Here in the Philippines, when we say “editor,” we usually think of a newspaper editor, someone who lords it over the newsroom with a fearsome temper, wielding a pen like a saber. That’s the growly character we also often see in the movies, a 60-something guy who chews out a quivering cub reporter.
Most editors I’ve met are actually quiet, even mousy people who get their work done with a pencil in one hand and a cup of coffee in the other. Their names might not even appear on the books or the materials they edit. What they do is really an art unto itself, but there are no awards given, no National Artists designated, for editing. The editor leaves a ghostly signature behind; you’ll just know that an editor has been there by the effortlessness and the limpid clarity with which you read the prose of a certain piece.
Editors work with writers to polish drafts and to turn them into the best reading fare they could possibly be. The presumption, of course, is that every writer needs an editor — even the best ones; I certainly believe this, and as an author I expect a reputable publisher to have my manuscript gone over by another pair of eyes. Even in this newspaper, I’ve been saved many a time from woeful embarrassment by the alertness of my editors.
Editors review and revise manuscripts for several things: the accuracy of the contents, grammatical correctness, and stylistic felicity. As the intermediary between the author and the reader, the editor has to ensure that the author’s message comes through to the reader as clearly as possible, while retaining as much of the author’s style — his or her particular manner of expression, which can vary greatly from writer to writer.
Editors can employ any one of several levels or degrees of editing, as the job at hand or the terms of engagement may require: heavy, moderate, and light. Heavy editing means not even dealing with the text line by line or sentence by sentence, but by paragraphs and pages, thoroughly rewriting whole sections if clarity so demands. Moderate editing takes place at the sentence level — rewording this and that, putting this clause before that one, smoothing transitions and strengthening connections between paragraphs and topic shifts, making sure that the punctuation is perfect, and so on. Light editing might be little more than proofreading — checking for typos and misspellings, supplying missing apostrophes, questioning and resolving a word choice here and there, italicizing book titles, etc.
Literary editing is an even more special job than journalistic or technical copyediting, because it involves and requires a finely developed sensitivity to at least two things: what the author intends, and what the reader (or that larger group of potential readers, the market) expects.
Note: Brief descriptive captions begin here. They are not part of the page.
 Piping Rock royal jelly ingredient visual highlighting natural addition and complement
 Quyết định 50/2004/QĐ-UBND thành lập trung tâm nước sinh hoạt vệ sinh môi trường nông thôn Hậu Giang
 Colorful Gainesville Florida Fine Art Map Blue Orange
Creative writing deals in rich and potent ambiguities, and the literary editor must know how to achieve a balance between efficient clarity and nuanced expression.
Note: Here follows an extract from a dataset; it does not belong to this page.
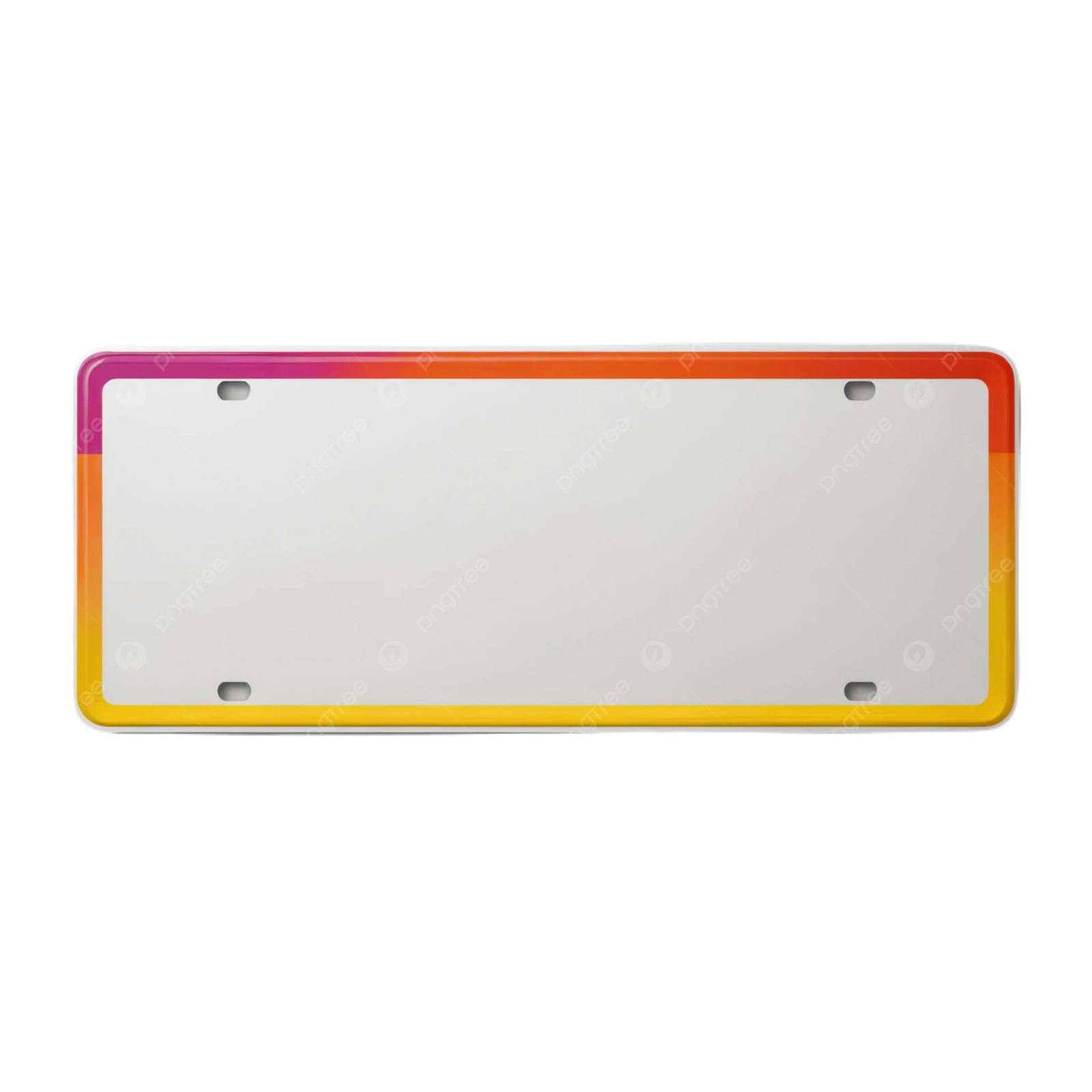 a white license plate with an orange and yellow border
It’s not the editor’s role to tell the author what or how to write, but a savvy editor will point out potential problems to the author — problems of interpretation, of pitch, of considerations that will sometimes go far beyond the text.
If the author is a creator, the editor is a critic — indeed, the work’s very first critic — who interrogates the text. Depending on the quality of the text, the editing can be more difficult than the writing. And eventually you’re dealing not only with the text, but with the author, who can be even more intransigent than his or her hopelessly garbled copy. Many authors — especially Filipino authors, who have had little or no previous experience with good editors — think very highly of themselves and their writing prowess, and resist the editor’s ministrations, no matter how positive and helpful they may be.
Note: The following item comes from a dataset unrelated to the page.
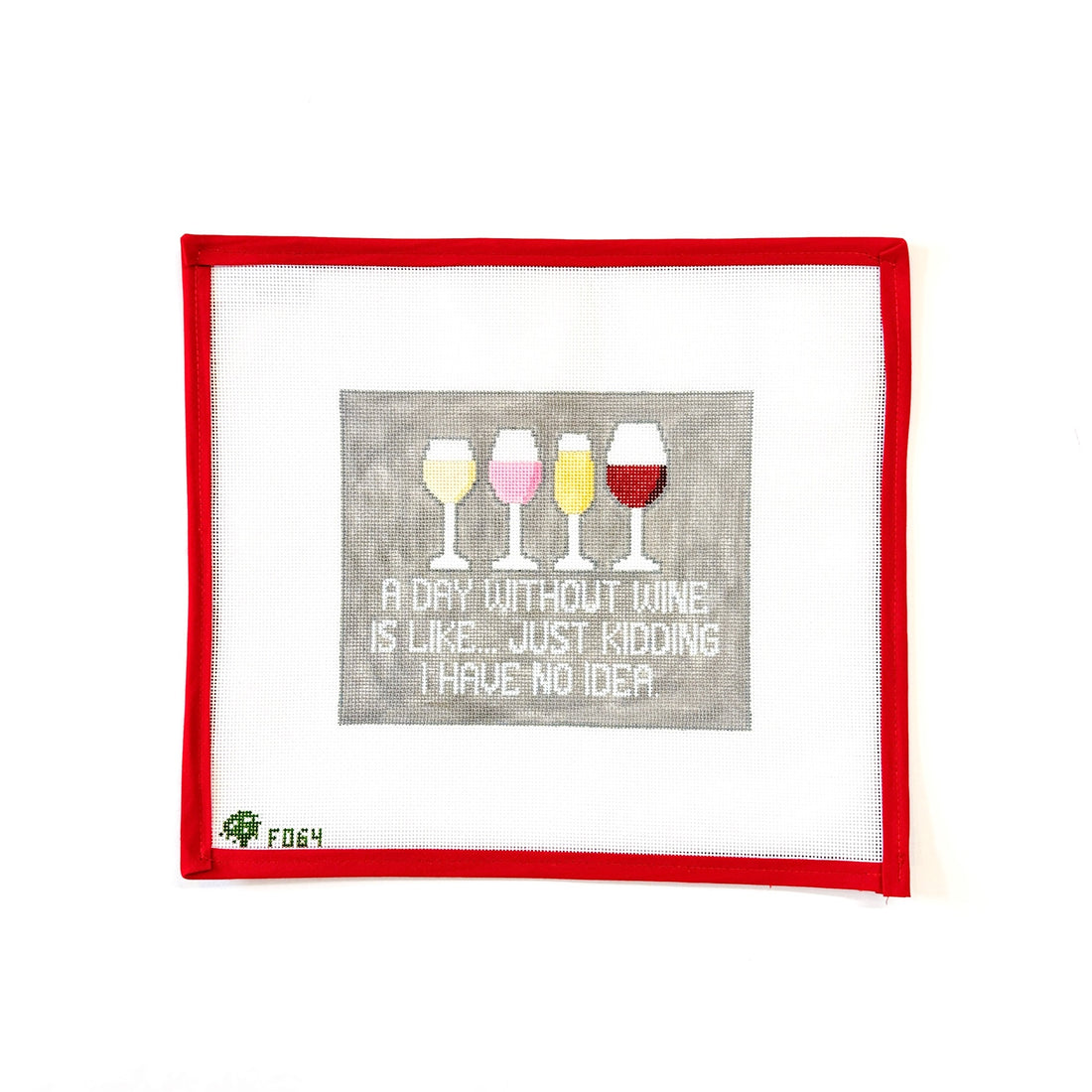 A Day Without WineElm Tree NeedlepointCanvasThe Red Thread Atelier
When I take on an editing job, I make it clear from the outset that while I will do everything I can to be sensitive to the client’s wants and temperament, I will literally have the final word as far as grammar and style are concerned. (I often choose to become an editor when I don’t have the time or the inclination to write the text myself; I advise prospective clients that they’ll save some time and money by getting a junior writer to prepare the draft, then getting me on board as an editor to do the final styling.) I ask people to trust me with what I’ve been trained to do, the same way I trust my editors with my copy.
In editorial mode, I’ve sometimes asked clients if they really want to come out with something they said that, in my best judgment, they might later regret, or might cause them unnecessary trouble. Sometimes people use books to settle old scores, and while there’s nothing intrinsically wrong with candor — and every truth or even half-truth contributes to historical discourse — I have to keep the client’s strategic interests in mind, and at least advise him or her of the possible pitfalls ahead. An editor can choose to play the independent and even adversarial critic, and every job needs a bit of that; but you can be sympathetic without being easy, or hard without being harsh, and I’ve found that that’s the best and fastest way to get solid work done, with a minimum of fuss and without leaving a bloody trail of crushed egos.
What do you need to become a good editor? Many editors begin and may still work on the side as writers, but paradoxically, some if not many editors may not be good writers — especially creative writers — at all. But at the very least, you need a near-impeccable command of the language, a sharp eye for detail, self-assurance, guts, and the desire and the drive to shape language to perfection.